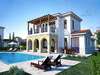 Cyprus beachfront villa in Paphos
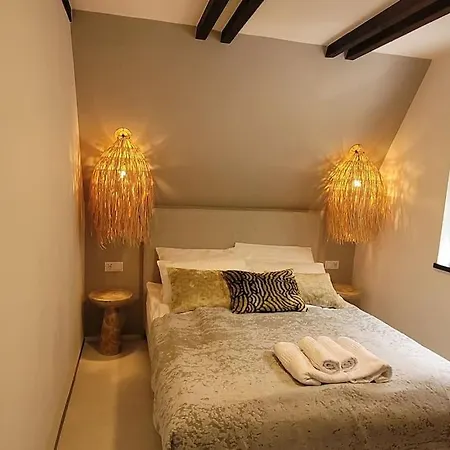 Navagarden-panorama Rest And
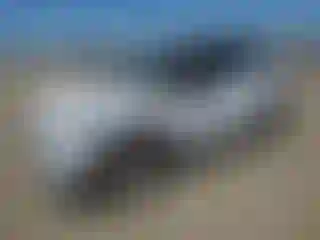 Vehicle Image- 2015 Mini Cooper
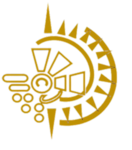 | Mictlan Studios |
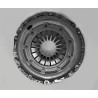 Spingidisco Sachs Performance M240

▶ TASK REQUIREMENTS
Please print all of the records above exactly, omitting each picture.

▶ FINISHED EXERCISE
 Cyprus beachfront villa in Paphos
 Navagarden-panorama Rest And
 Vehicle Image- 2015 Mini Cooper
 | Mictlan Studios |
 Spingidisco Sachs Performance M240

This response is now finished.